Taking agreeable people as an example, they all have a giant disagreeable side they suppress, which means they can't consciously control it (likely dysfunctional). If you push agreeable people they will tend to go silent. You've pushed them into the space between conscious and unconscious. But at this point you will typically start to see considerable changes in their body language as their unconscious bubbles up. They have no conscious model for dealing with your pressure. If you continue to push you will collapse their persona, which is their known and presented self including their ways of dealing with the world, and the unconscious is unleashed, which in this case is a particularly aggressive and unmanaged monster. These people will later say something like "I'm sorry. I don't know what came over me.", which was their life time of suppressed anger that agreeableness causes. And being so agreeable they are so terrified of that aspect they don't dare admit it exists or look at it. And you see that theme in abundance among the left. If they dug down and fought that monstrous part of themselves they would come back with gold - to manage or change their agreeableness, not be ready to fly of the handle or be passive aggressive and not feel the need to go along with other people.

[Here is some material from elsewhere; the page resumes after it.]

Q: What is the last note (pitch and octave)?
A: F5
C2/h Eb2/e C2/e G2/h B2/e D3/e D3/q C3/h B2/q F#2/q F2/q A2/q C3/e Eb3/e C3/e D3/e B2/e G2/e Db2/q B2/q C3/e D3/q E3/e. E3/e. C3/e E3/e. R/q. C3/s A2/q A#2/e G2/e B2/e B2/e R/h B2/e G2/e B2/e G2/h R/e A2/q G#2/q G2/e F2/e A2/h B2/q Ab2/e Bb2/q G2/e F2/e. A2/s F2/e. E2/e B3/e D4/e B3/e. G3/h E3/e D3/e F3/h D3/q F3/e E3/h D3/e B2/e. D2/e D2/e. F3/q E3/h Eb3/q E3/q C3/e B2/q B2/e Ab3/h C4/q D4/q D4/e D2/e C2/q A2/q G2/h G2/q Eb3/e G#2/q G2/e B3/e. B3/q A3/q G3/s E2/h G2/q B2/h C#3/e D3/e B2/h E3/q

I think a lot of people get stuck in the silent zone between the conscious and unconscious and I think that is the
cause of a lot of depression. Something is wrong, but they don't want to look, don't want to do anything, don't want to think or feel. Depression appears to be a collapse of the persona, which is why depressed people are considerably devoid of personality and pleasure seeking. It's a signal they need to go into the underworld to clean up their rooms.
I agree with heavy,
none of the traits are necessarily good or bad. It's weather they are functional or dysfunctional; that is, do they help you constructively or hinder you on your life path. If you were Mick Jagger, your personality traits might be a highly functional for a rock star, but if you were Trump you'd probably be a highly dysfunctional president.
I don't know what you want to do, but I'm guessing it has something to do with money and work and for that there are certainly advantages of having an easily accessible neuritic side, i.e. to be flamboyant and charming. But you also have to consciously incorporate other aspects into yourself.